Expect delays before John Paul II is made a saint
The current church scandal will further prolong efforts to beatify the late pope.
Alessandro Speciale April 1, 2010 05:09Updated May 30, 2010 12:27
The current church scandal will further prolong efforts to beatify the late pope.
VATICAN CITY — Airline ticket prices often seem to fluctuate randomly, with a given route affordable one day and costly the day after.
But there is a reason why a round-trip ticket from Warsaw to Rome on the weekend of Oct. 16 costs up to three-and-a-half times as much as one for the weekend before or after that: Poles were sure that on that day — the 32nd anniversary of his ascent to the pontificate — the beatification of their beloved Pope John Paul II would take place in St. Peter's Square, and they bought tickets en masse.
But it looks like the Poles were wrong. Karol Wojtyla's beatification process is very close to its end, but is turning out to be more complicated than anticipated. A battle has erupted in the Vatican around the late pope and how he should be remembered, while investigations into how the church handled allegations of sexual abuse by priests is casting new shadows on his image.
On Monday, John Paul II's successor, Pope Benedict XVI, celebrated a memorial mass for the Polish pope at the Vatican: He praised Wojtyla's pontificate and presented him as a model for Catholics, but gave no hint as to when his beatification might happen.
So even though millions of pilgrims called for him to become a "Santo Subito" (saint now) at his funeral on Apr. 2, 2005, the fifth anniversary of John Paul II's death is likely to pass without any news, just like those before it.
The delay is quite unexpected. Pope Benedict waived the mandatory five-year period to begin the beatification process, and after a two-stage process with dozens of interviews and meetings, he signed a decree on Dec. 19, 2009, recognizing Wojtyla's “heroic virtues.” This is usually a stepping stone to beatification and only the Vatican recognition of a “miracle” — such as an inexplicable act of healing — is missing before he can be beatified and declared “blessed.”
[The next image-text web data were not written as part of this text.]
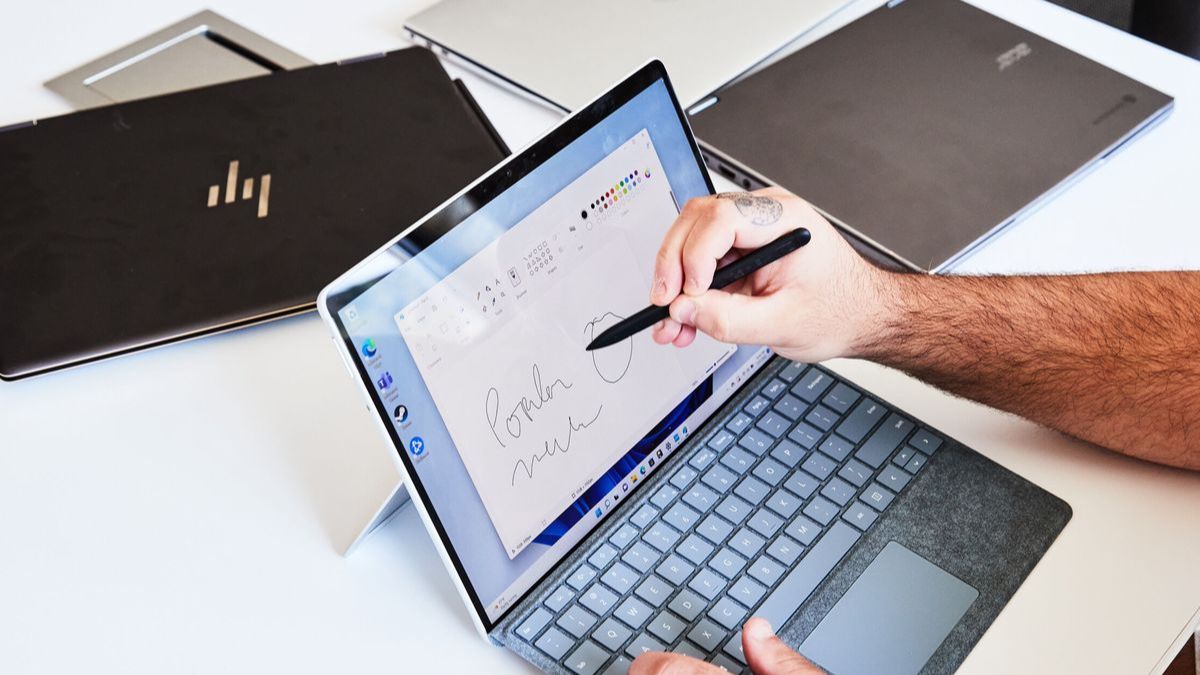 Touchscreen Laptops Under 200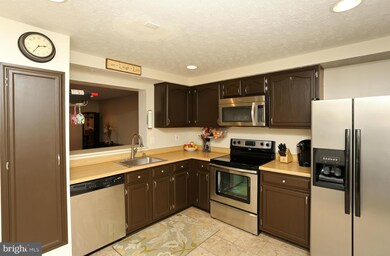 9609 Glendower Ct, Laurel, MD 20723 - photo 6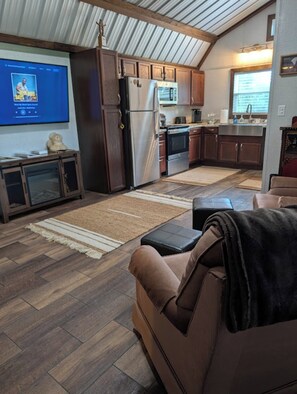 TV, fireplace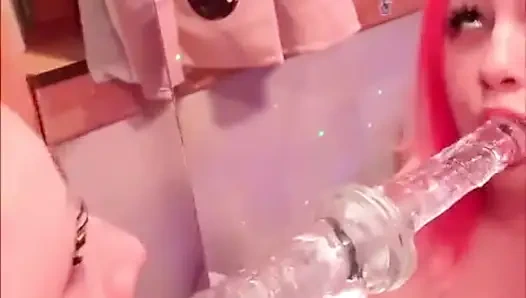 Süße bBW-freundin schickt ihrem freund ein solo-blowjob-video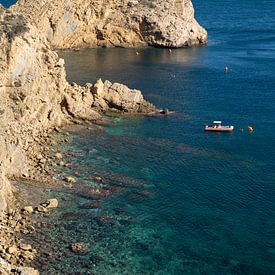 Les falaises de Cap Prim et la Méditerranée sur Adriana Mueller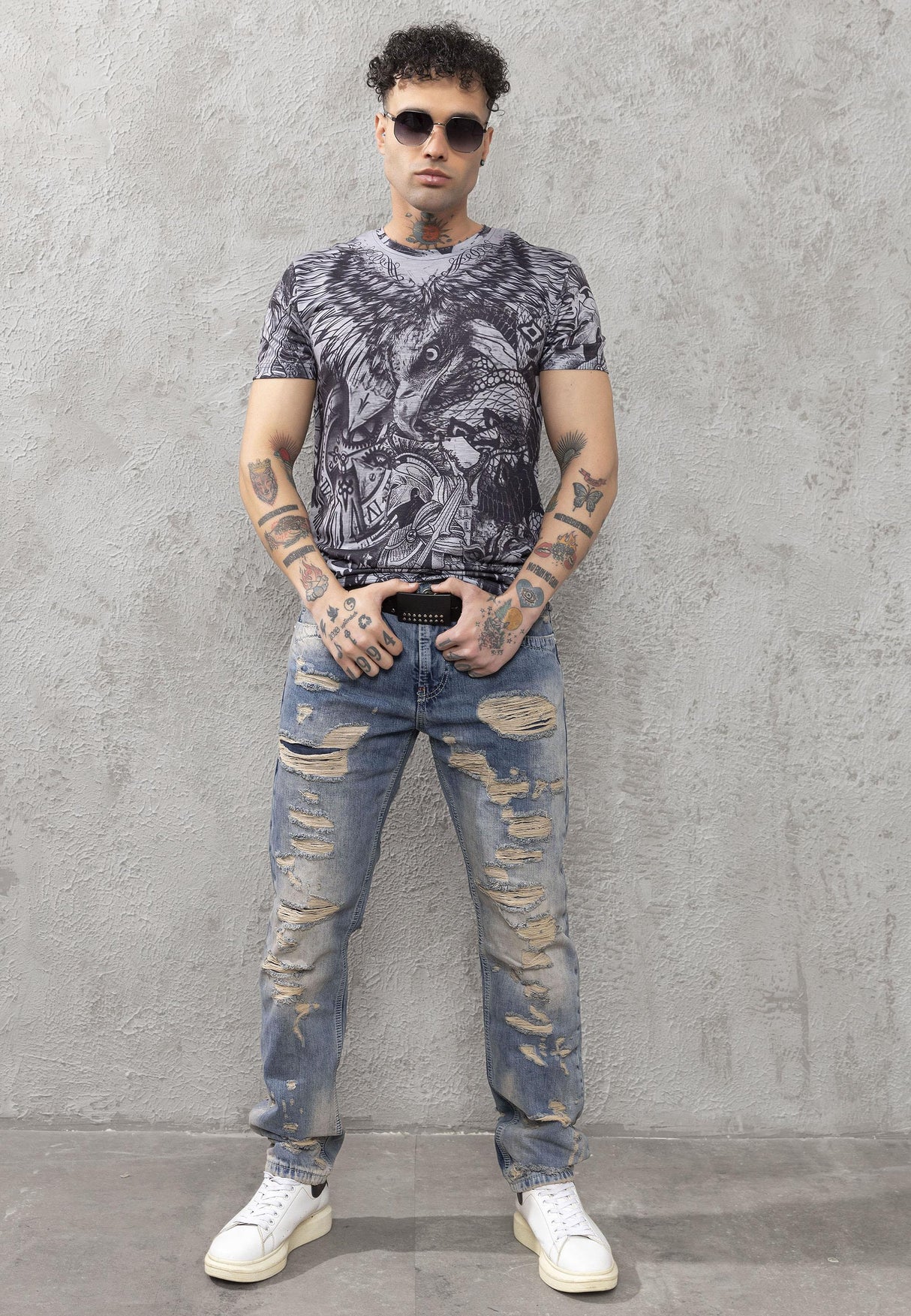 CT781 Men’s Crew Neck T-Shirt with Bold Eagle Graphic Design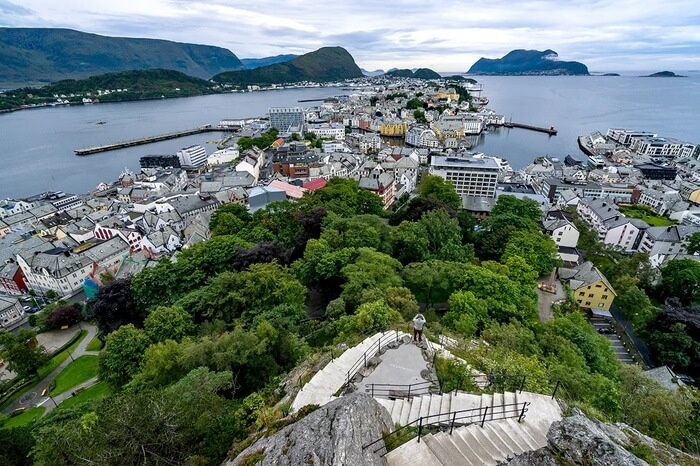 Aksla Viewpoint and Fjellstua
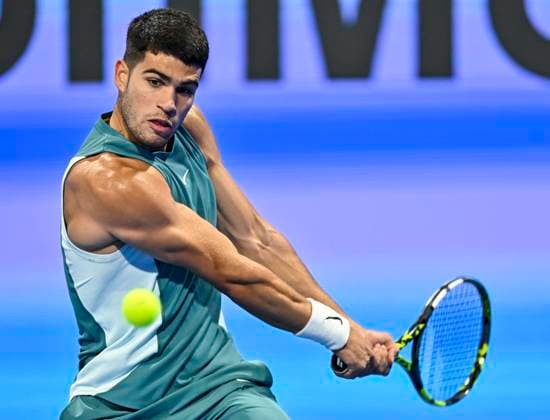 ATP, Tennis Herren QATAR EXXONMOBIL OPEN ROUND OF 32 Carlos Alcaraz of Spain competes in her round of 32 match against Marin Cilic of Croatia during the ATP Qatar ExxonMobil Open 2025 tennis tournament at the Khalifa International Tennis Complex in Doha, Qatar, on February 17, 2025. DOHA Qatar Copyright: xNOUSHADx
Finding a miracle for such a popular pope shouldn't be too complicated a task. In fact, according to reports in the Italian press, the office of the Postulatore — the central bureau that oversees the beatification process — has received reports of more 250 "miraculous" healings by John Paul II.
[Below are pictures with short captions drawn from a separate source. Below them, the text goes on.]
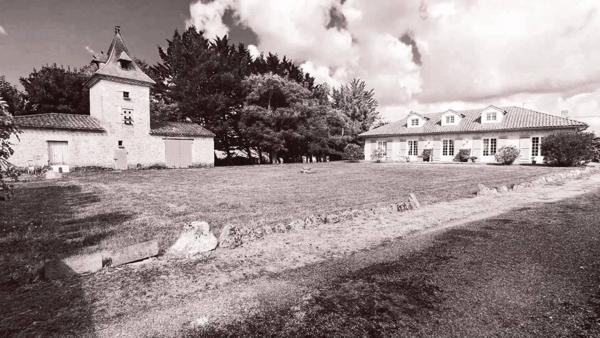 Magnifique maison familiale de caractère – 219 m² habitables, parc arboré de 4 900 m², dépendances et pigeonnier – secteur Artigues, Foulayronnes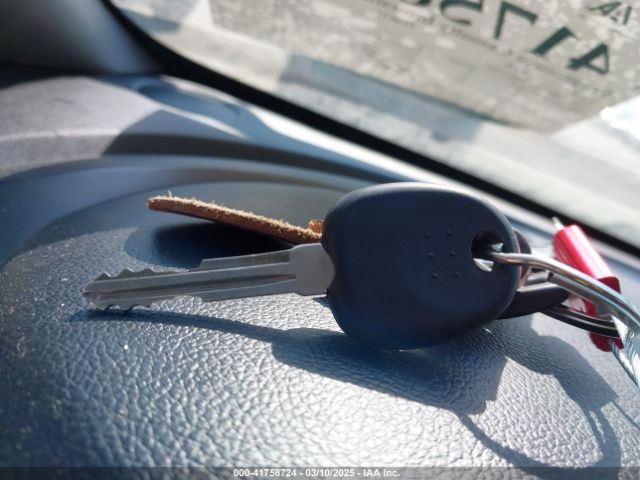 3KPFL4A75JE177561 KIA FORTE LX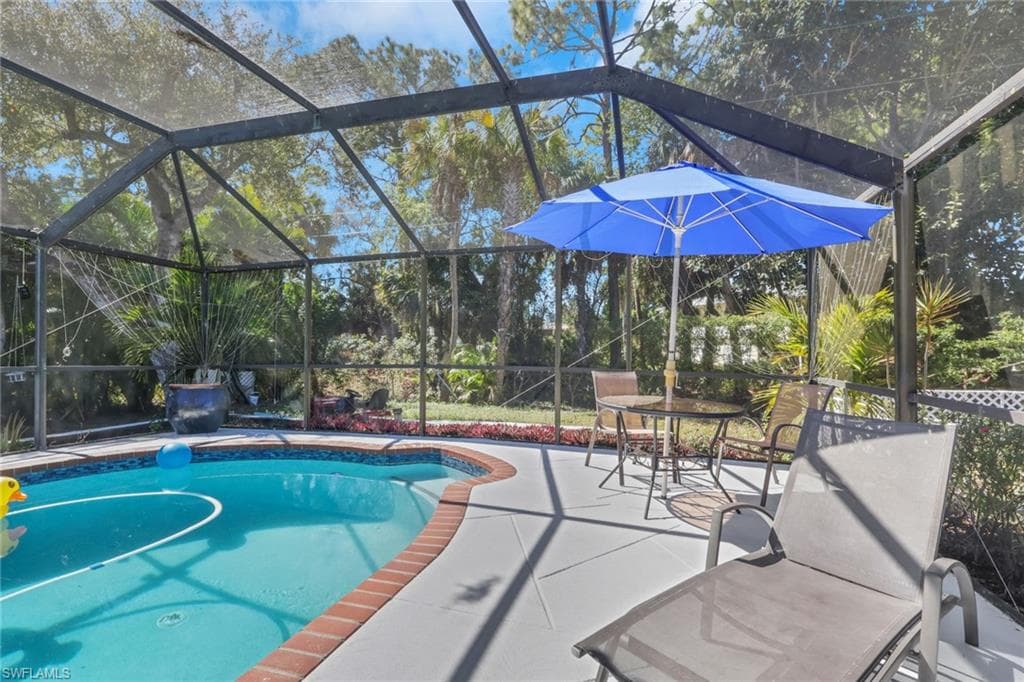 28025 Oak LN BONITA SPRINGS, FL 34135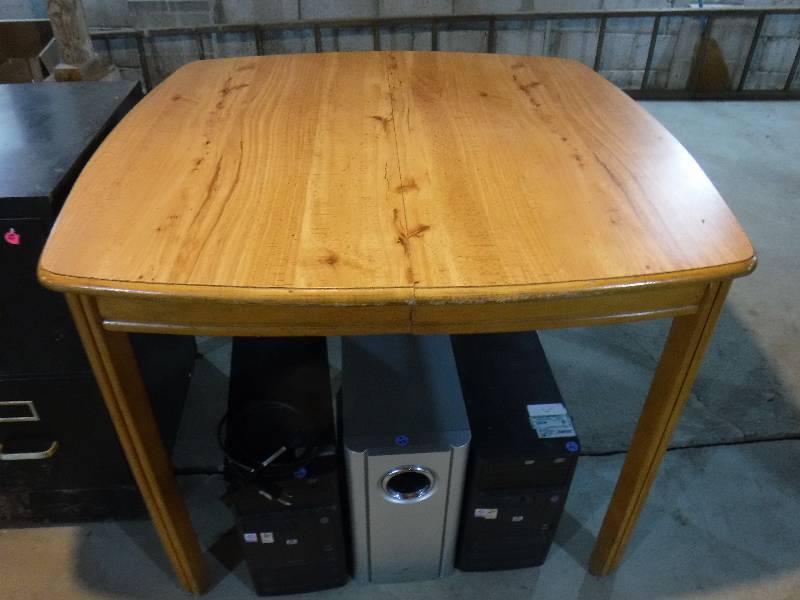 lot 7051 image: Table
The Chief Postulatore, Polish Monsignore Slawomir Oder, has settled on the case of a French nun, Marie Simon Pierre, whose Parkinson's disease — the same illness suffered by the late pope — disappeared for no evident medical reason just two months after Wojtyla's death. She says she had prayed asking for the pope's help.
Recently, though, reports in the Polish press have suggested that the nun's illness might have been misdiagnosed. According to the newspaper Rzeczpospolita, she could have suffered from a syndrome similar to Parkinson's, for which there is a known cure.